= Level of invention =

Level of invention (or degree of inventiveness, or level of solution, or rank of solution, or rank of invention) is a relative degree of changes to the previous system (or solution) in the result of solution of inventive problem (one containing a contradiction). Term was defined and introduced by TRIZ author G. S. Altshuller.

After initially reviewing 200,000 patent abstracts, Altshuller selected 40,000 as representatives of high level inventive solutions. The remainder involved direct improvements easily recognized within the specialty of the system.

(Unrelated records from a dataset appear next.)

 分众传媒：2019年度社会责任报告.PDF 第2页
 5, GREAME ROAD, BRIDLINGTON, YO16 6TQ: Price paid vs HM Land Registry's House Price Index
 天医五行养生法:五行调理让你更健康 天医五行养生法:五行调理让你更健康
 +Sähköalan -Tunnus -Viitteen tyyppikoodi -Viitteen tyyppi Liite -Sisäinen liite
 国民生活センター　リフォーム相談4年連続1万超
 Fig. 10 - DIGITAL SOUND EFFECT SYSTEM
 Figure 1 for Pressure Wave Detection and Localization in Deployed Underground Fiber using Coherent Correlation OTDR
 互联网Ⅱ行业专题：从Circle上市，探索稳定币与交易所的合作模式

Altshuller separated the patents' different degrees of inventiveness into five levels:
- Level 1 – Routine design problems solved by methods well known within the specialty. Usually no invention needed.
example: use of coal for writing
- Level 2 – Minor improvements to an existing system using methods known within the industry.
example: graphite pencil (wrapped coal stick)
- Level 3 – Fundamental improvement to an existing system using methods known outside the industry.
example: ink pen (ink instead of coal)
- Level 4 – A new generation of a system that entails a new principle for performing the system's primary functions. Solutions are found more often in science than technology.
example: printer (another whole system for writing)
- Level 5 – A rare scientific discovery or pioneering invention of an essentially new system.
example: electronic pen&paper (see Anoto)

These levels of invention are applied to solutions rather than problems requiring a system of solution.

Also level of invention and the potential for innovation in any nation, geographical area or economic activity is as measurement in the concept of innovative capacity originally introduced by Prof. Suarez-Villa in 1990.